## THE DATA
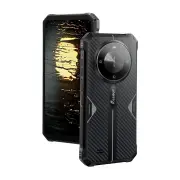 [EU Direct]FOSSiBOT F105 12GB RAM 64GB ROM 10300mAh 20MP Camera 6.745 inch Android 14 IP68 IP69K Waterproof MT8768 Octa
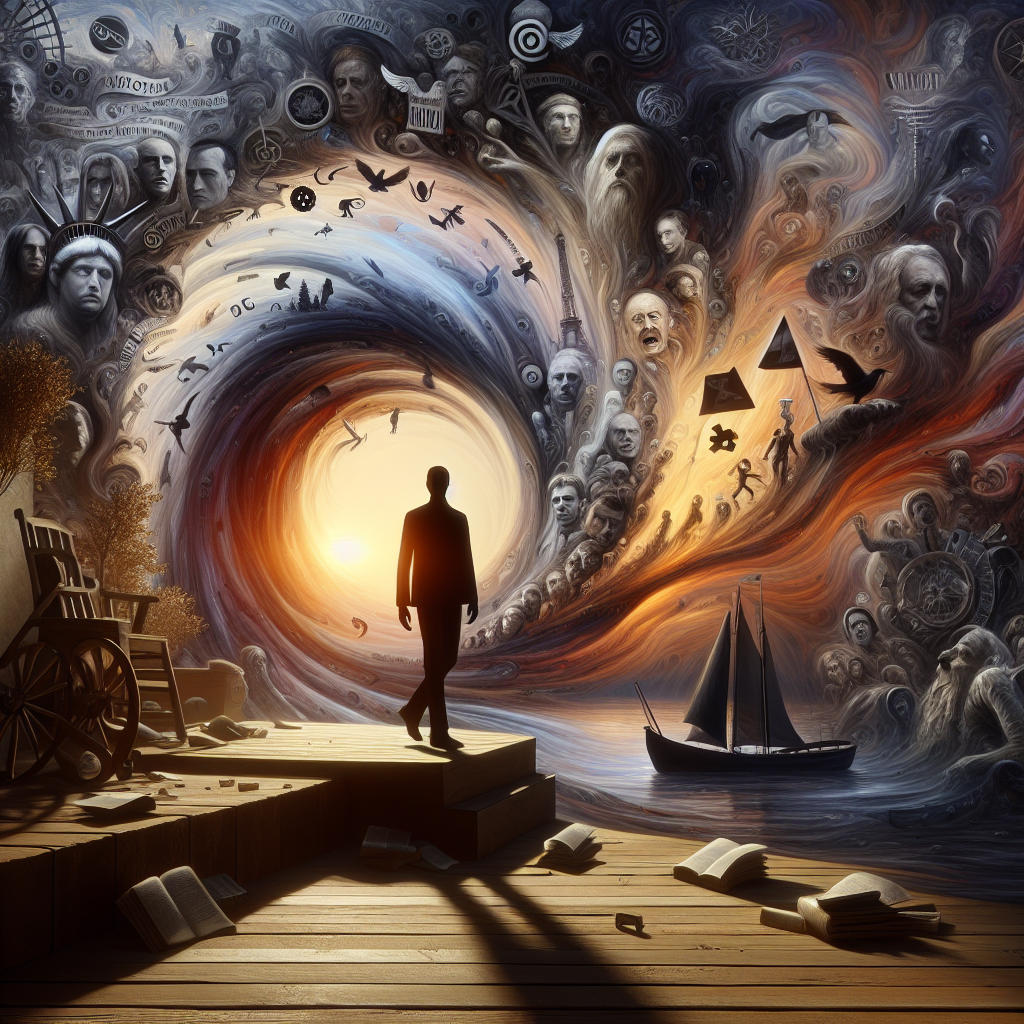 Uncovering the Dark Origins of Modern Conspiracy Theories in America’s History of Fear and Hatred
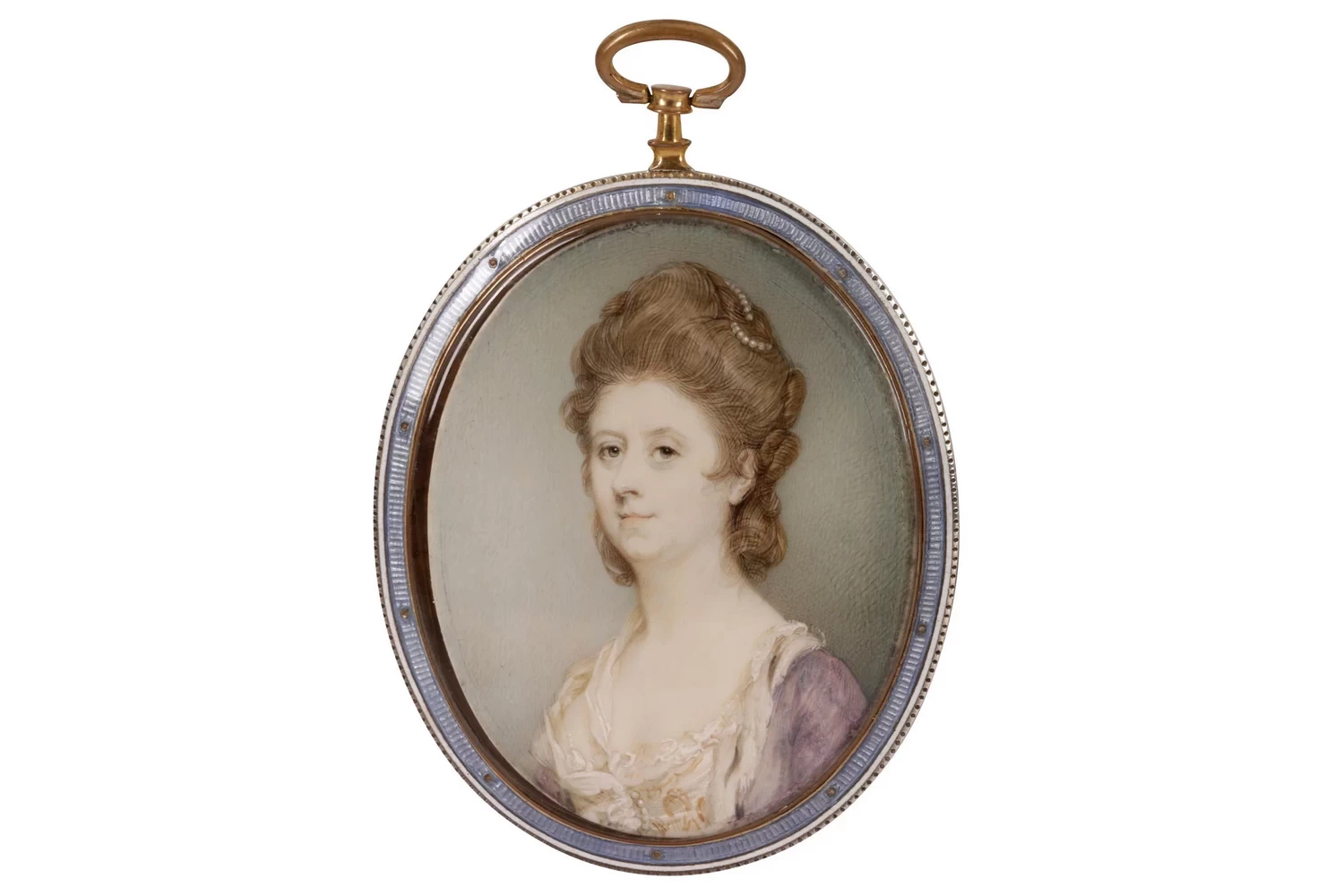 Ritratto di signora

## EXERCISE PROMPT
Using the listing above, set down exactly each line from the one containing "Uncovering the Dark" through the final line, and leave out pictures.

## RESPONSE TO THE EXERCISE
 Uncovering the Dark Origins of Modern Conspiracy Theories in America’s History of Fear and Hatred
 Ritratto di signora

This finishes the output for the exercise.